起業・副業

新規事業を立ち上げるための【事業計画の作り方】

会社から新規事業を検討しろと言われたけど、何をすればよいのかわからない

起業のために事業計画を考えたいけど、何から考えればよいのかわからない

このように悩んでいる人は少なくないと思います。

事業計画とは、簡単にいうと、以下の3つをセットにしたものです。

  • 事業コンセプト
  • 事業の実行計画
  • 上記に基づいた財務計画

私はサラリーマン時代に新規事業計画を何度か作りましたし、起業してからも何度か事業計画を作ってきました。

そうした経験を踏まえて、事業計画の作り方・立て方をこの記事で紹介していきます。

会社で新規事業を作る際や、独立して自分の事業を作る際に活用できます。

事業計画を立てる前の準備

事業計画を立てる前に問うべきことが2つあります。

1つは事業ビジョン、もう1つはWill-Can-Mustです。

事業ビジョンを立てる

新規事業を考えるときは、新規事業が目指すビジョンを明確にします。

新規事業なんて、儲かればよいんでしょ?

こんなふうに考える人も多いかもしれませんが、「私はこのビジネスで金儲けをします」とだけ言っても、多くの人を巻き込むのは難しいのが現実です。

そこで、ビジョンが必要になってきます。

ビジョンを立てる目的は次のとおりです。

  • 事業が目指す目的地が明確になる
  • ステークホルダーが協力する理由を作る

事業が目指す目的地が明確になると、個々の方針をブレずに決められるようになります。

たとえば、ビジョンが「人材マッチングビジネスを通じて地域社会の発展に貢献する」だとすると、事業の基盤となる地域以外での活動は、必然的にスコープから外れることになります。

言い換えると、ビジョンを明確にすることは、やらないことを決めることにもつながるのです。

また、ビジョンにはステークホルダーが協力する理由を作る効果もあります。

先ほども書いたような「お金を儲けます」という話だと、お金を目当てにした人しか集まらなくなりますが、そうした人たちはお金だけでつながる関係になってしまいます。

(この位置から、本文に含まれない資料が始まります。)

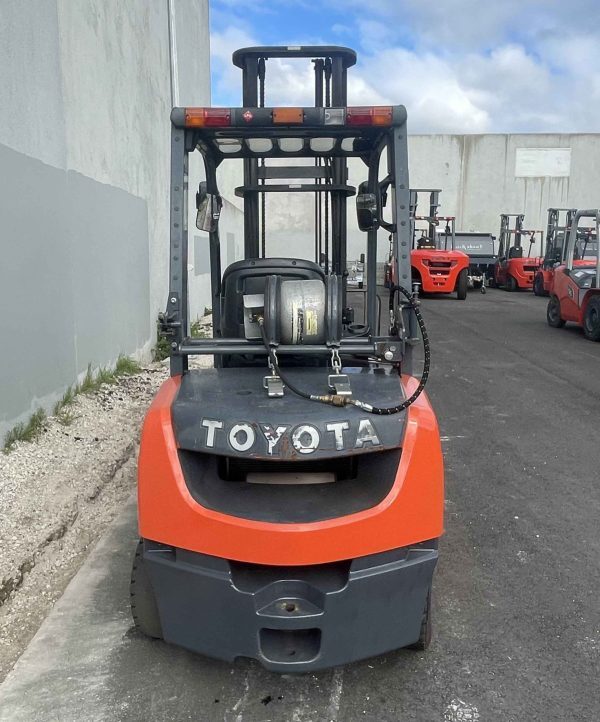 Toyota 3000kg LPG forklift with 4500mm 2 stage mast and sideshift - Image 4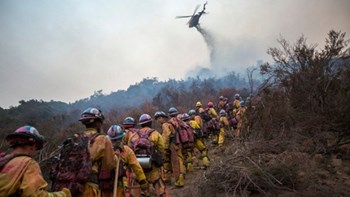 Πύρινος εφιάλτης στις ΗΠΑ – Μαίνονται πάνω από 100 φωτιές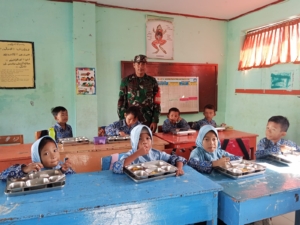 Babinsa Jereweh Dampingi Program Makan Bergizi Gratis di SDN 2 Belo
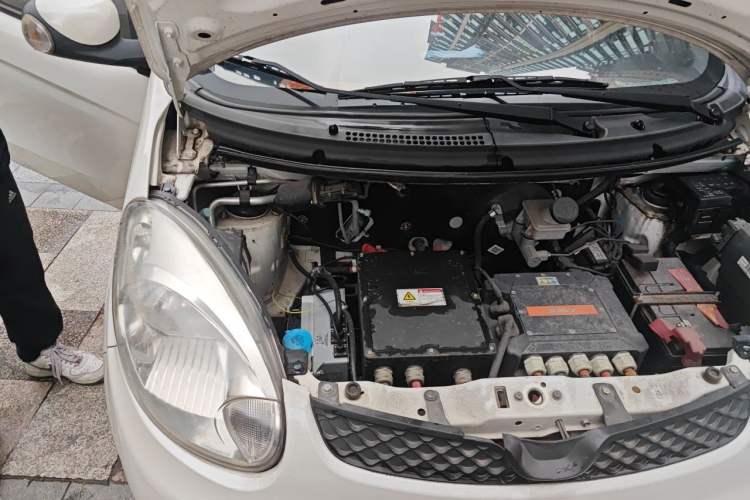 Used JMEV E200L 2018 E200L Standard Model (250 km) Engine Bay Right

ビジョンを明確にすることで、志を同じにした仲間を集めることができ、より強固な共同体を形成することができます。

事業におけるWill-Can-Mustを整理する

Will-Can-Mustとは、それぞれ「やりたいこと」「できること」「するべきこと」を表します。

「やりたいこと」とは、ビジョンに描いた実現したいことともつながります。

事業を通じて実現したい未来のことです。

「できること」とは、現状のリソースでできることです。

新規事業を立ち上げるときに使えるリソースには、どのようなものがあって、そのリソースにはどのような強みと弱みがあるのかという観点で考えます。

ただし、「できること」を狭く捉えて制約にしてしまうのは考えものです。

現時点で「できること」だけを考えると、発想が広がらなくなってしまい、魅力のない新規事業になってしまうこともあるからです。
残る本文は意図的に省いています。